Use semantic types with scripts
The Datagrok semantic types is a very powerful concept, allowing you to define the meaning of your data. For example, you can specify that a particular string contains a chemical molecule in SMILES format, E-mail, or URL address.
For example, let's explore the Gasteiger partial charges script,
which takes a molecule in SMILES format as input
and calculates the Gasteiger charges distribution.
The script is provided with the Chem
package.
The script takes as an input the string variable mol
with the semantic annotation Molecule
.
When you run the script, you will see the following:
- Result
- Python
#name: GasteigerCharges Demo
#description: Calculates Gasteiger charge distribution
#language: python
#tags: demo, chem, rdkit
#input: string mol = "COc1cccc2cc(C(=O)NCCCCN3CCN(c4cccc5nccnc54)CC3)oc21" {semType: Molecule} [Molecule, in SMILES format]
#input: int contours = 10
#output: graphics charges [The Gasteiger partial charges]
from rdkit import Chem
from rdkit.Chem import AllChem
from rdkit.Chem.Draw import SimilarityMaps
mol = Chem.MolFromMolBlock(mol) if ("M END" in mol) else Chem.MolFromSmiles(mol)
if mol is not None:
AllChem.ComputeGasteigerCharges(mol)
contribs = [float(mol.GetAtomWithIdx(i).GetProp('_GasteigerCharge')) for i in range(mol.GetNumAtoms())]
charges = SimilarityMaps.GetSimilarityMapFromWeights(mol, contribs, contourLines=contours)
Datagrok recognized the Molecule
semantic types and created the custom UI displaying molecule formula.
Click on it to open
chemical sketcher
and draw your own molecule.
Datagrok has outstanding chemoinformatics support,
so almost all UI elements provide you special viewing and editing options for chemical structures.

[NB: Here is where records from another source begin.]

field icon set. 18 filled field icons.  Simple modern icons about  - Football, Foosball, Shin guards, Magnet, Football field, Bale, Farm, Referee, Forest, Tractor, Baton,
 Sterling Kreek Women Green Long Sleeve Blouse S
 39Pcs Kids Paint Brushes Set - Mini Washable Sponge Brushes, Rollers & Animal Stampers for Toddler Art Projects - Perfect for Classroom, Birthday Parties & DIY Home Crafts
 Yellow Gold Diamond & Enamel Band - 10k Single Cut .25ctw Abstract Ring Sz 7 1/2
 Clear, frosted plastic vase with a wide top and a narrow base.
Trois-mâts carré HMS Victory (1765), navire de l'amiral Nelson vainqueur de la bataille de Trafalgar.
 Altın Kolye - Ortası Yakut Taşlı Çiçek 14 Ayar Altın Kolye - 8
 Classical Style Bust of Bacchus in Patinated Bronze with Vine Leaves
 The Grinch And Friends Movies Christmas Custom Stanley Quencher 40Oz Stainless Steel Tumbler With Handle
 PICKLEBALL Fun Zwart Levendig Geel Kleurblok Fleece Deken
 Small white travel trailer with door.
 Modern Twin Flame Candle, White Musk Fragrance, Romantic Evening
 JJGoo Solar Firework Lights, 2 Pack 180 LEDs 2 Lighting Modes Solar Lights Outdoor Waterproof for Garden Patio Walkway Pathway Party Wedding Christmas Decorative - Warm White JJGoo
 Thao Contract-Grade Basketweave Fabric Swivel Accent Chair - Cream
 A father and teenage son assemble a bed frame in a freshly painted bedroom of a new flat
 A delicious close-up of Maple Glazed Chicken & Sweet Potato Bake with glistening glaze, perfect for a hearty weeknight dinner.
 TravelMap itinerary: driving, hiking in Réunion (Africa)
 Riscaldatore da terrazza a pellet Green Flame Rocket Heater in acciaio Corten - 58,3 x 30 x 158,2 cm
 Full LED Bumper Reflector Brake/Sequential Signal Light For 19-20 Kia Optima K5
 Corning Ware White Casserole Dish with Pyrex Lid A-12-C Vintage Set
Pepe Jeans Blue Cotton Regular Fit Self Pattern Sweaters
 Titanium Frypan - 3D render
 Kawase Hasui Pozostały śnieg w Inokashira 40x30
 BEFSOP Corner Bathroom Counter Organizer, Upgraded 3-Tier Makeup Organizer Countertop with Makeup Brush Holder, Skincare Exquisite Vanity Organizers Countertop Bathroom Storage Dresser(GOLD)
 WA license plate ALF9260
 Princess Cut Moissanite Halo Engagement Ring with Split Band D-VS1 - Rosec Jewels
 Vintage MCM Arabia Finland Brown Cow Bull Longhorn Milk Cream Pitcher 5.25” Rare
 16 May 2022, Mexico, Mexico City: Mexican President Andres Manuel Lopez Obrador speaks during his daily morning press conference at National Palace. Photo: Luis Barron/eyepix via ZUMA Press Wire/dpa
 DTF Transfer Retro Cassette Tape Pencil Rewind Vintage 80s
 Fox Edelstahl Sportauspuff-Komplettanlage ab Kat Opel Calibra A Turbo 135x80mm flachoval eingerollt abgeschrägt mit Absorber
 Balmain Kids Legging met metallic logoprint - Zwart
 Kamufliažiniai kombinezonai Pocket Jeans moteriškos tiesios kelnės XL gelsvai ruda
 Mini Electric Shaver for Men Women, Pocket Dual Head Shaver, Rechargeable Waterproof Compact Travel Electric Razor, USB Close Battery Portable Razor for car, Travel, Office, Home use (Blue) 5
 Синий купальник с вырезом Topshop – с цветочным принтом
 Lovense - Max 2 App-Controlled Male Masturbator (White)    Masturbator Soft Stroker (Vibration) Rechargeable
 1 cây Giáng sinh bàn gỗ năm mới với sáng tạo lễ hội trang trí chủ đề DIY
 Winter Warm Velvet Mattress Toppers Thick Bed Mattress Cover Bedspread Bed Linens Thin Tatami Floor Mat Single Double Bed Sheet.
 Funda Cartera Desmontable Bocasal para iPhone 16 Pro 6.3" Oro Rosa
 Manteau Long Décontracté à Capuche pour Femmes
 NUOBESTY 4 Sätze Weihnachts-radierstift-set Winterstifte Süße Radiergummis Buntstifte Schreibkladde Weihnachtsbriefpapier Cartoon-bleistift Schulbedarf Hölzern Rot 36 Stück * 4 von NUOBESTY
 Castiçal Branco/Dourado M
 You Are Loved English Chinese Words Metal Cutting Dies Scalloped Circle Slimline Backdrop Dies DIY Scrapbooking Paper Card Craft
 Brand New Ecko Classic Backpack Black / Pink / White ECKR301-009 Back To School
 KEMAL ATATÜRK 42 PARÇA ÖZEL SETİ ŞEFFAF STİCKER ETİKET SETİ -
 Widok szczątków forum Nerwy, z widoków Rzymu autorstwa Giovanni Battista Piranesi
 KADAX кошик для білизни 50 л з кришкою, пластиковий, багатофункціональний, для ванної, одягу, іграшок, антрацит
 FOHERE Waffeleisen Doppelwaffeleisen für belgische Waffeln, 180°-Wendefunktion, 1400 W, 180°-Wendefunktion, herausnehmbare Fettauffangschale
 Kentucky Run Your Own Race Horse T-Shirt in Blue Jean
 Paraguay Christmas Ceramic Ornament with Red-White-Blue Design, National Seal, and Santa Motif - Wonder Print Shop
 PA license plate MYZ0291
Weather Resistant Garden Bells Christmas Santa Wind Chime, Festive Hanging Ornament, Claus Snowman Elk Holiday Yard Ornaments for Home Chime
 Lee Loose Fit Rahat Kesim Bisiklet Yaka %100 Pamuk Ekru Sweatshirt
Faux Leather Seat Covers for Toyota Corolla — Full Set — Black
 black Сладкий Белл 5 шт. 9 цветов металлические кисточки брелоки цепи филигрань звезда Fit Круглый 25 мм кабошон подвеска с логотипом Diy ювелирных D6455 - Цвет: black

You can assign a semantic type to output variables in the same way. The semantic types annotation has no benefits for simple scalar output, but it is extremely helpful when you integrate your script with the Datagrok platform.
Semantic types for columns
Similarly, you can specify the semantic type for dataframe columns.
For example, let column
or column_list
selectors accept only
columns containing chemical molecules.
#input: dataframe df {caption: Dataframe}
#input: column mol {semType:Molecule; caption: Molecules} [Molecules to analyze]